What to do | Write out all the data verbatim. Skip images.
===== Source data
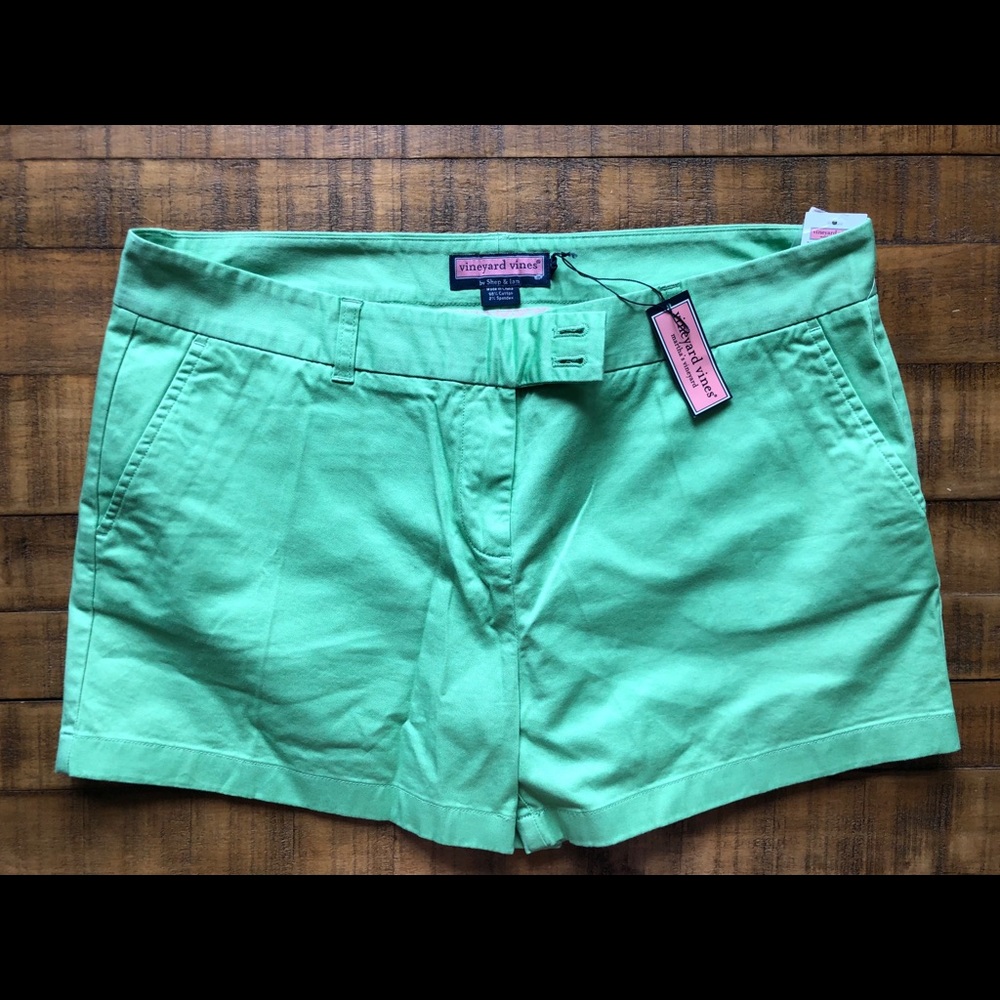 Vineyard Vines Shorts - Green - Size 16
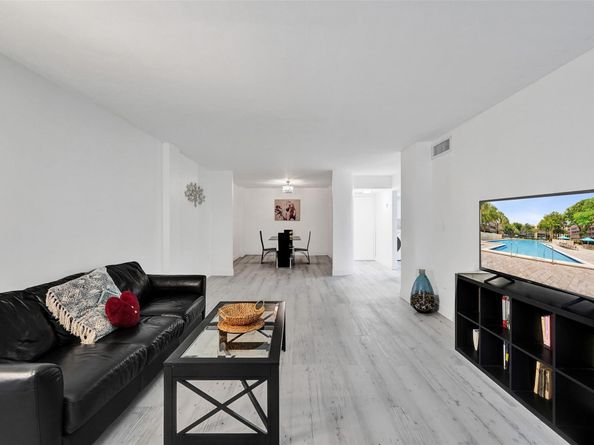2800 N 46th Ave A404, Hollywood FL 33021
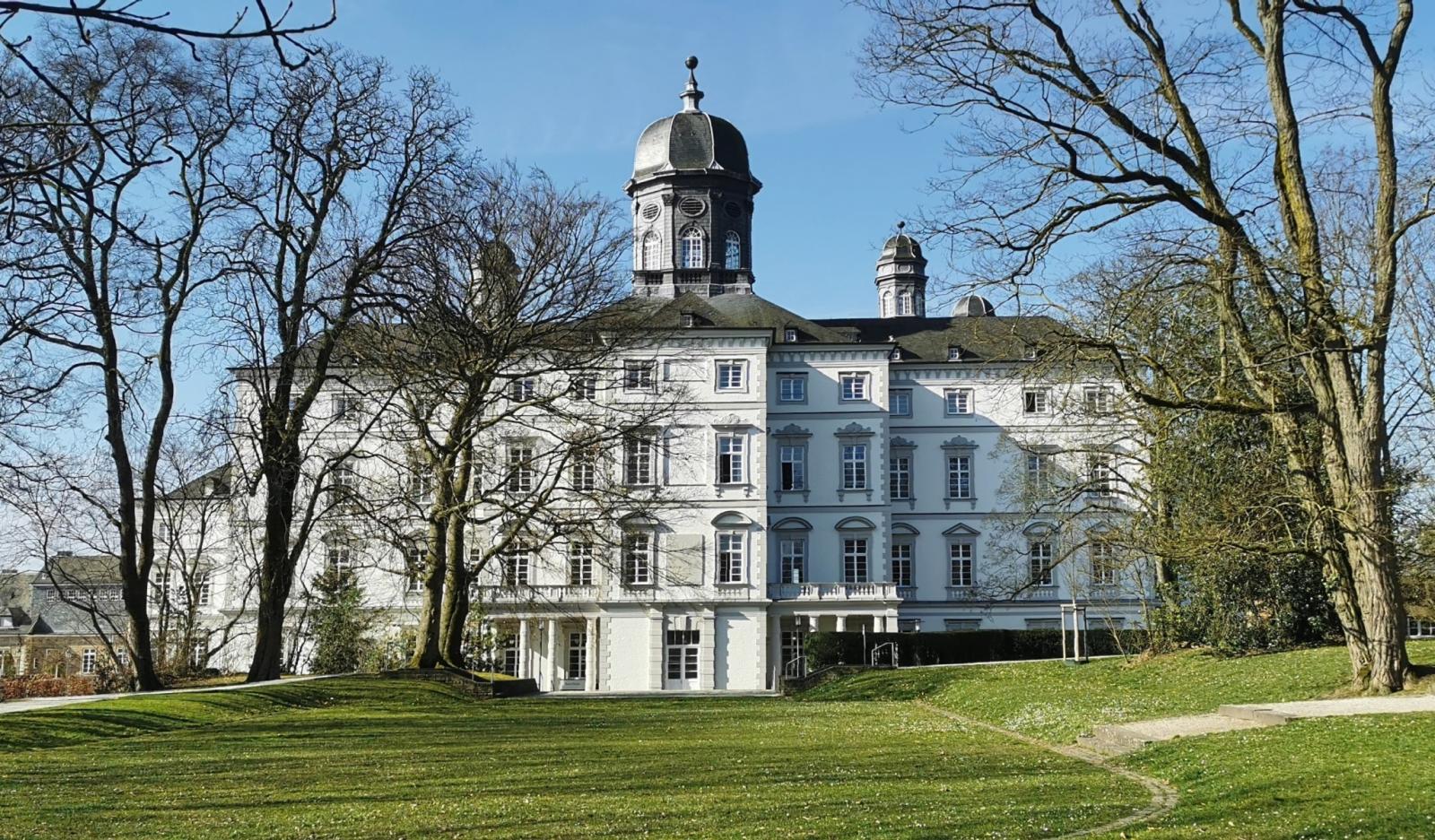 Schloss Bensberg, Ansicht von Osten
==========
Task response |
 Vineyard Vines Shorts - Green - Size 16
2800 N 46th Ave A404, Hollywood FL 33021
 Schloss Bensberg, Ansicht von Osten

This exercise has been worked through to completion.